▶ **Try it**: Leaving out pictures, output exactly the lines below from the one that has "Well-lit bedroom featuring" through the one that has "Joyful black young-adult", and nothing else.

▶ **Data shown**:
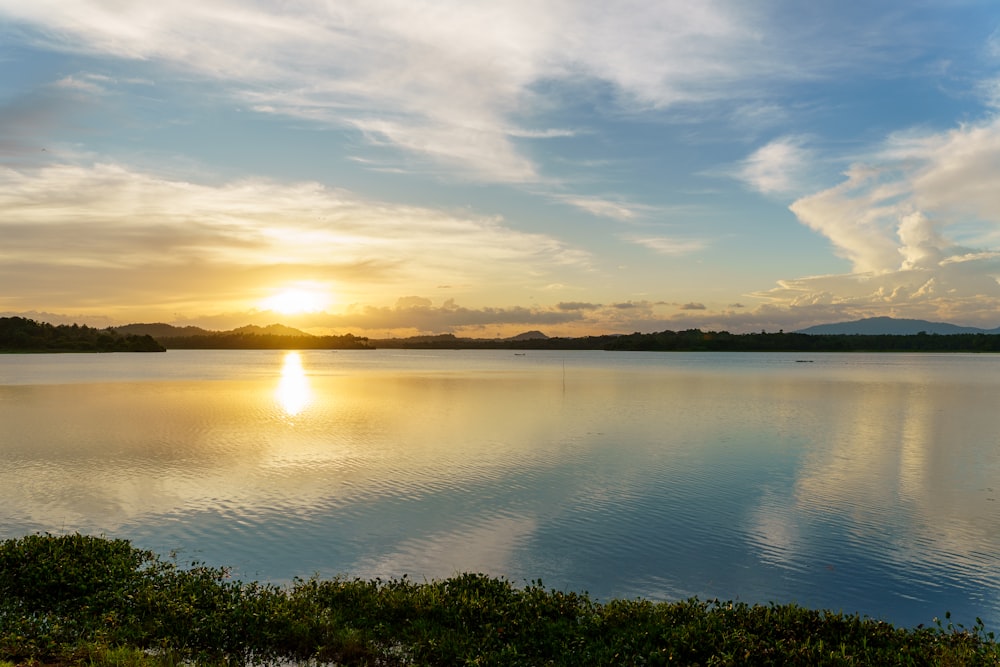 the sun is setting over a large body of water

---

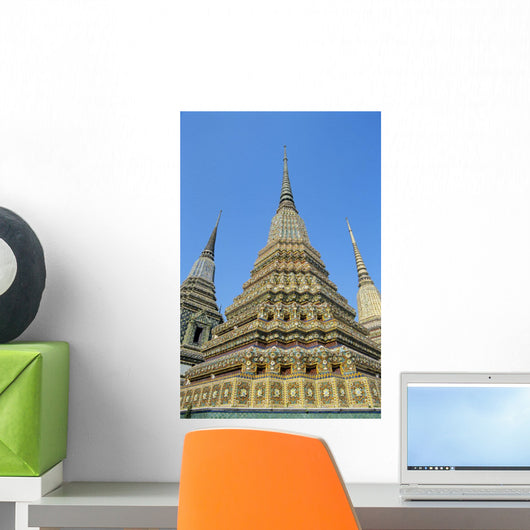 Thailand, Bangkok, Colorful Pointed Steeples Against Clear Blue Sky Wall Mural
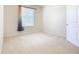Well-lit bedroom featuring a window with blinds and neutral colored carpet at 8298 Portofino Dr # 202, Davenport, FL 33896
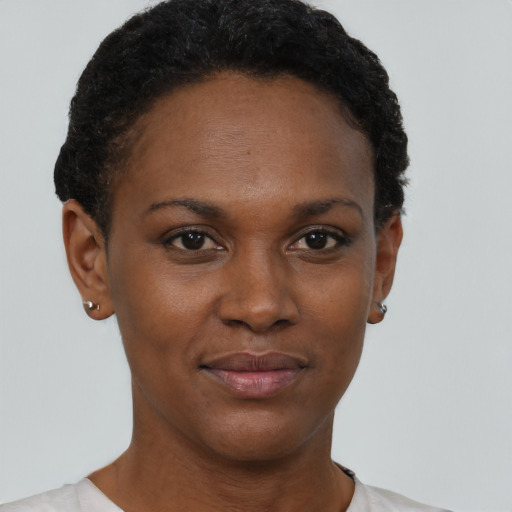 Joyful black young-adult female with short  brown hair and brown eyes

▶ **Response**:
Well-lit bedroom featuring a window with blinds and neutral colored carpet at 8298 Portofino Dr # 202, Davenport, FL 33896
 Joyful black young-adult female with short  brown hair and brown eyes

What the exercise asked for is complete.